### Data for the task ###

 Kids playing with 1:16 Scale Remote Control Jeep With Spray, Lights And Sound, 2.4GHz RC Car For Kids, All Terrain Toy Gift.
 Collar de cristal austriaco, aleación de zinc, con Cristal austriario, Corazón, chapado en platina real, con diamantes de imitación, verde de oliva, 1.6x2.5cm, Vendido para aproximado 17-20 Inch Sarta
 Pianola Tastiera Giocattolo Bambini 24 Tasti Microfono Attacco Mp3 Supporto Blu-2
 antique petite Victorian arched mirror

###
### Data for the task ###

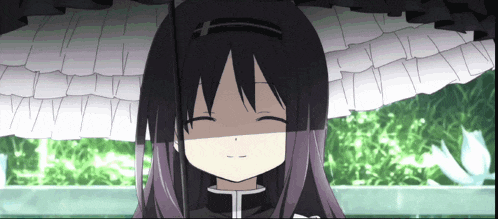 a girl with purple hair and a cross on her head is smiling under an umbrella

###
### Data for the task ###

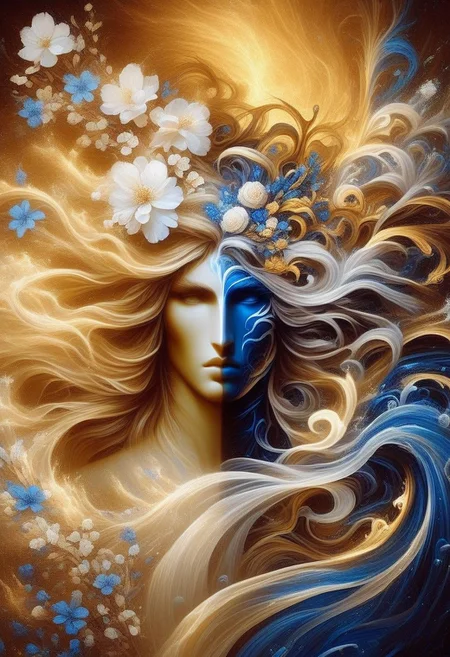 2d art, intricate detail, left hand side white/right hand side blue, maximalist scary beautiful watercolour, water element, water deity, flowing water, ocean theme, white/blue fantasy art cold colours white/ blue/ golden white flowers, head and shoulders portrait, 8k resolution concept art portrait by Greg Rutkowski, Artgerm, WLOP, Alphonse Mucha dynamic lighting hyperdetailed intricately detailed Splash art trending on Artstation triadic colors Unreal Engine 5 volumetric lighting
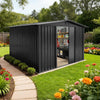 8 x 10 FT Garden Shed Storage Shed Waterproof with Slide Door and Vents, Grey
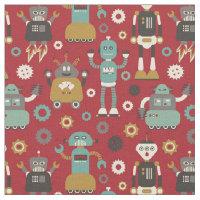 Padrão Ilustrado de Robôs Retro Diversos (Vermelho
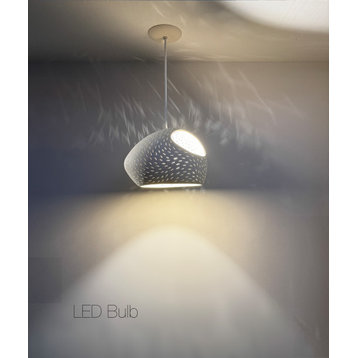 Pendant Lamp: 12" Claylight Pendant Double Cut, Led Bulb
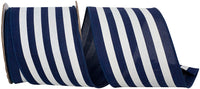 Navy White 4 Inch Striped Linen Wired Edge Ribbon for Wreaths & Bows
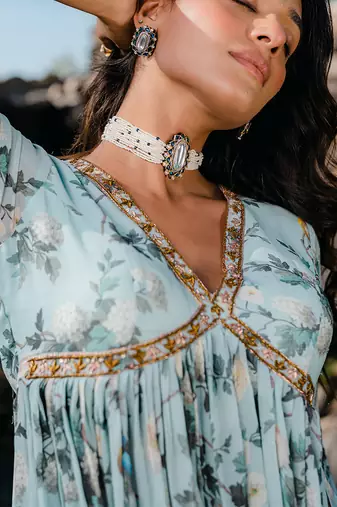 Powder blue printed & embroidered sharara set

###

• [About this exercise]
Please copy the lines in the records above between the one holding "Kids playing with" and the one holding "Collar de cristal", inclusive, exactly and with no other line.

• [Completed task]
 Kids playing with 1:16 Scale Remote Control Jeep With Spray, Lights And Sound, 2.4GHz RC Car For Kids, All Terrain Toy Gift.
 Collar de cristal austriaco, aleación de zinc, con Cristal austriario, Corazón, chapado en platina real, con diamantes de imitación, verde de oliva, 1.6x2.5cm, Vendido para aproximado 17-20 Inch Sarta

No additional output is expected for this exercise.